Records to process: Begin

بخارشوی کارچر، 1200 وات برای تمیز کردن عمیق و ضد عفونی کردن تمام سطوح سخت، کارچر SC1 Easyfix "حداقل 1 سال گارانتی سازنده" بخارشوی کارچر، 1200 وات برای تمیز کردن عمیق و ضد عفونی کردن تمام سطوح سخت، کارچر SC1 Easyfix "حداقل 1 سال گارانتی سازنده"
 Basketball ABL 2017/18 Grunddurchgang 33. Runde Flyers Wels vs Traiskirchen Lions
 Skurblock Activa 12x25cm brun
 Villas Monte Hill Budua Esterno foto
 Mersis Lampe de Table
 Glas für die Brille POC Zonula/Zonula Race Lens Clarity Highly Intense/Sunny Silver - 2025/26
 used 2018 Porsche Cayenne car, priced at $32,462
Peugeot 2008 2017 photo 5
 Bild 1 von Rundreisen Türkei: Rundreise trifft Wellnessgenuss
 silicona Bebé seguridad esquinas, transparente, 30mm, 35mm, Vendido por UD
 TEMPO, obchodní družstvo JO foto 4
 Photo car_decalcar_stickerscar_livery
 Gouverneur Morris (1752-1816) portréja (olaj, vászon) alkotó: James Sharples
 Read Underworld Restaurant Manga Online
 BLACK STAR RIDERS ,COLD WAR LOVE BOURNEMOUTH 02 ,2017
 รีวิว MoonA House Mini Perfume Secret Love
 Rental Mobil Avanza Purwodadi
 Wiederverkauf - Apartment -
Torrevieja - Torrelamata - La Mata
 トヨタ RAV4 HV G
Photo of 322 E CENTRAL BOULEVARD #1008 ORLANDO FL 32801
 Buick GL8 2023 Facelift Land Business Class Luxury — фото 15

Records to process: End

Directions> Print every record above. Keep each one exactly as it is.

Solution for this problem>
بخارشوی کارچر، 1200 وات برای تمیز کردن عمیق و ضد عفونی کردن تمام سطوح سخت، کارچر SC1 Easyfix "حداقل 1 سال گارانتی سازنده" بخارشوی کارچر، 1200 وات برای تمیز کردن عمیق و ضد عفونی کردن تمام سطوح سخت، کارچر SC1 Easyfix "حداقل 1 سال گارانتی سازنده"
 Basketball ABL 2017/18 Grunddurchgang 33. Runde Flyers Wels vs Traiskirchen Lions
 Skurblock Activa 12x25cm brun
 Villas Monte Hill Budua Esterno foto
 Mersis Lampe de Table
 Glas für die Brille POC Zonula/Zonula Race Lens Clarity Highly Intense/Sunny Silver - 2025/26
 used 2018 Porsche Cayenne car, priced at $32,462
Peugeot 2008 2017 photo 5
 Bild 1 von Rundreisen Türkei: Rundreise trifft Wellnessgenuss
 silicona Bebé seguridad esquinas, transparente, 30mm, 35mm, Vendido por UD
 TEMPO, obchodní družstvo JO foto 4
 Photo car_decalcar_stickerscar_livery
 Gouverneur Morris (1752-1816) portréja (olaj, vászon) alkotó: James Sharples
 Read Underworld Restaurant Manga Online
 BLACK STAR RIDERS ,COLD WAR LOVE BOURNEMOUTH 02 ,2017
 รีวิว MoonA House Mini Perfume Secret Love
 Rental Mobil Avanza Purwodadi
 Wiederverkauf - Apartment -
Torrevieja - Torrelamata - La Mata
 トヨタ RAV4 HV G
Photo of 322 E CENTRAL BOULEVARD #1008 ORLANDO FL 32801
 Buick GL8 2023 Facelift Land Business Class Luxury — фото 15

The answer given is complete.